START Given records

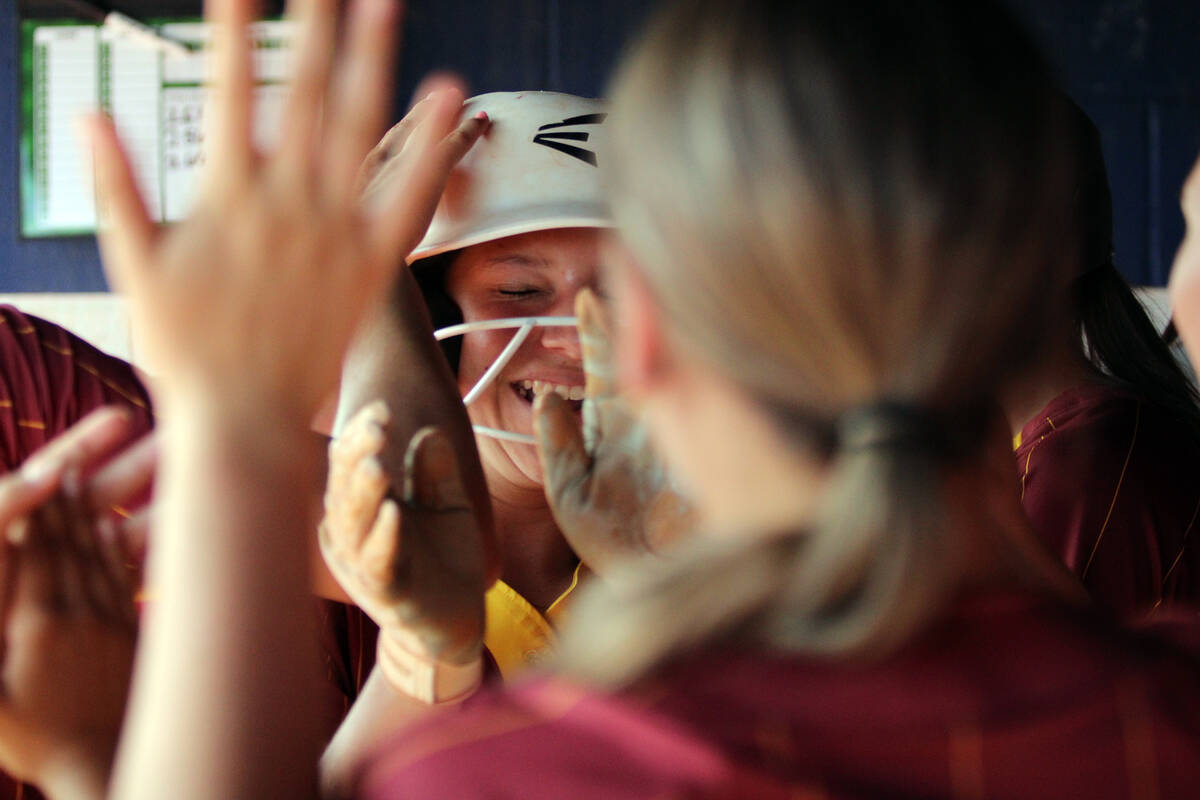 Pahrump Valley High School sophomore and catcher Mariah Gray is celebrated after coming around ...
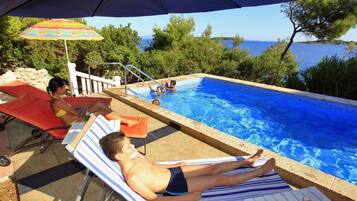 A poolside area with lounge chairs, a pool, and a view of the sea.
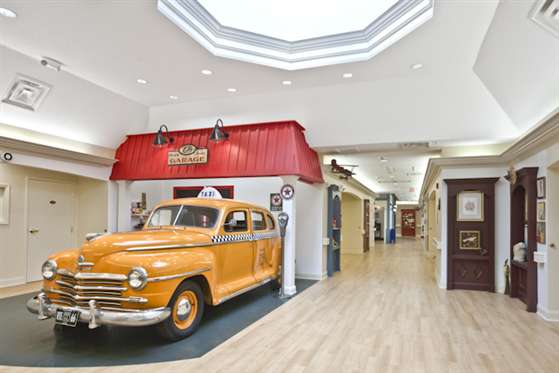 An indoor exhibit features a vintage car parked in front of a retro-style gas station setup.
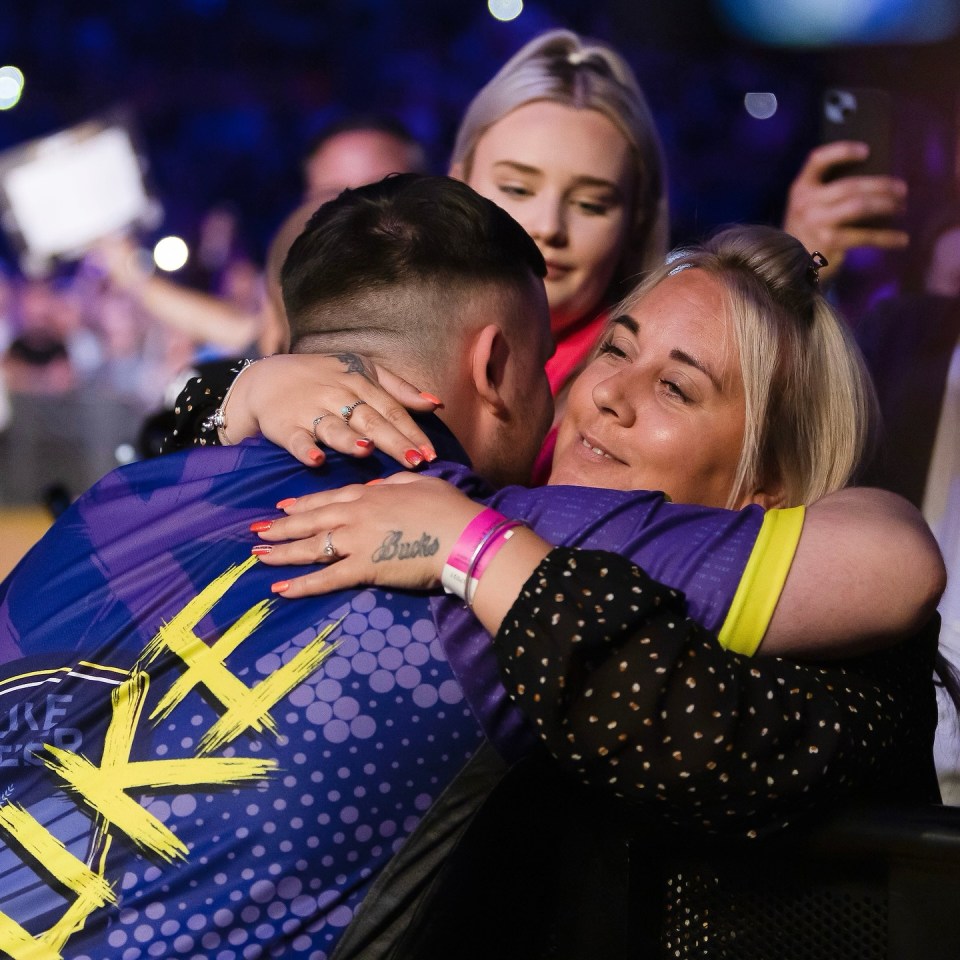 Littler received a hug from his mum after his brilliant win at the O2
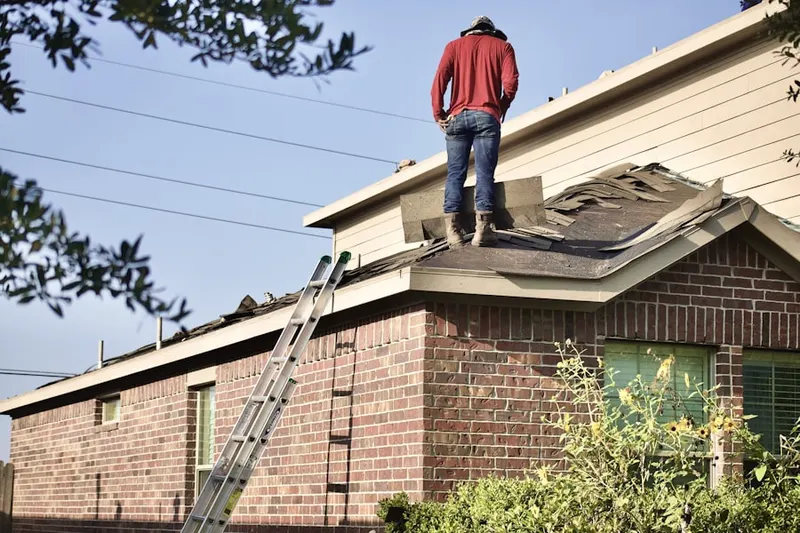 Professional roofer working on a residential roof in Gunter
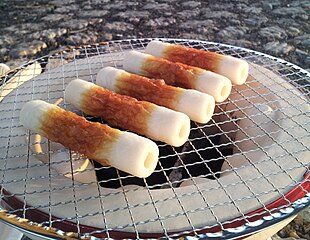 Chikuwa made of surimi, on a shichirin grill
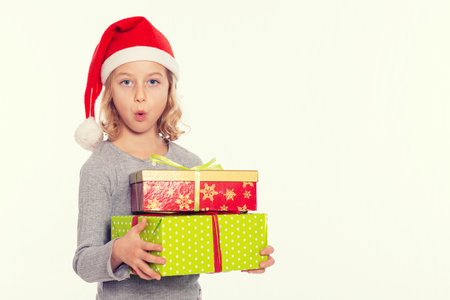 nice girl with Santa- cap and presentの写真素材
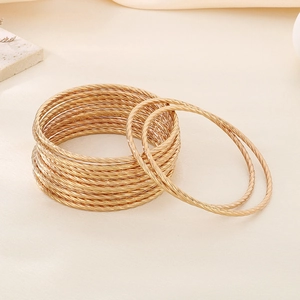 Close-up of golden multi-layer twisted rope bangles with detailed stainless steel texture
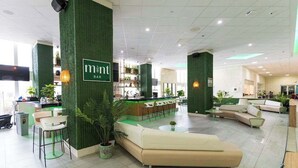 Eine moderne Hotelhalle mit Barbereich, Sitzgelegenheiten und einer Rezeption.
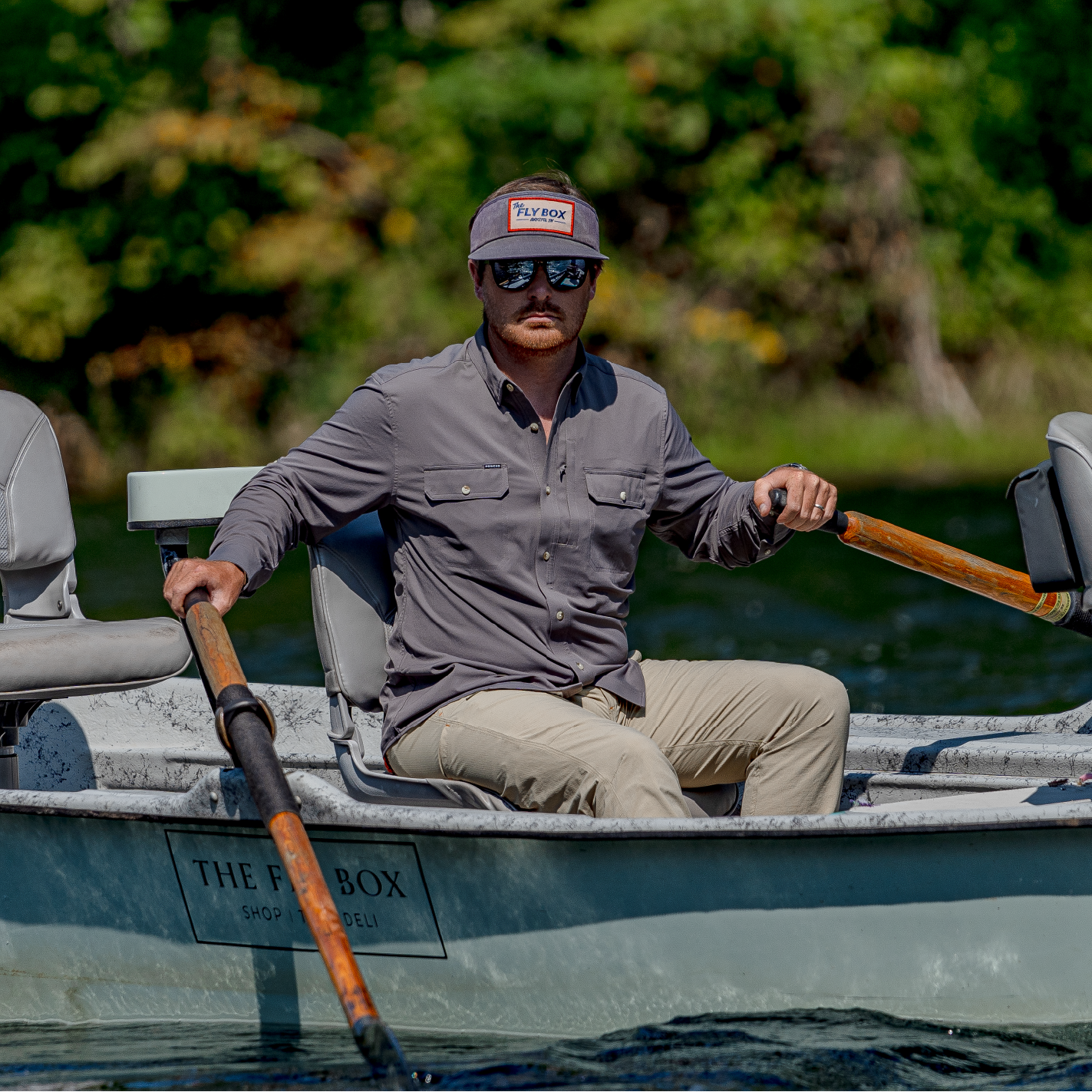 man rowing a drift boat in button down fishing shirt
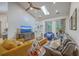 Open living room featuring vaulted ceilings, skylight, stylish decor and plenty of natural light at 1315 Old Mill Ln, Mount Pleasant, SC 29464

END Given records

## What to work on:
Quote, please, every line of the material above from its start through the line that has "Close-up of golden", reproducing the words exactly and dropping any images.

## Response for this exercise:
 Pahrump Valley High School sophomore and catcher Mariah Gray is celebrated after coming around ...
 A poolside area with lounge chairs, a pool, and a view of the sea.
 An indoor exhibit features a vintage car parked in front of a retro-style gas station setup.
 Littler received a hug from his mum after his brilliant win at the O2
 Professional roofer working on a residential roof in Gunter
 Chikuwa made of surimi, on a shichirin grill
 nice girl with Santa- cap and presentの写真素材
 Close-up of golden multi-layer twisted rope bangles with detailed stainless steel texture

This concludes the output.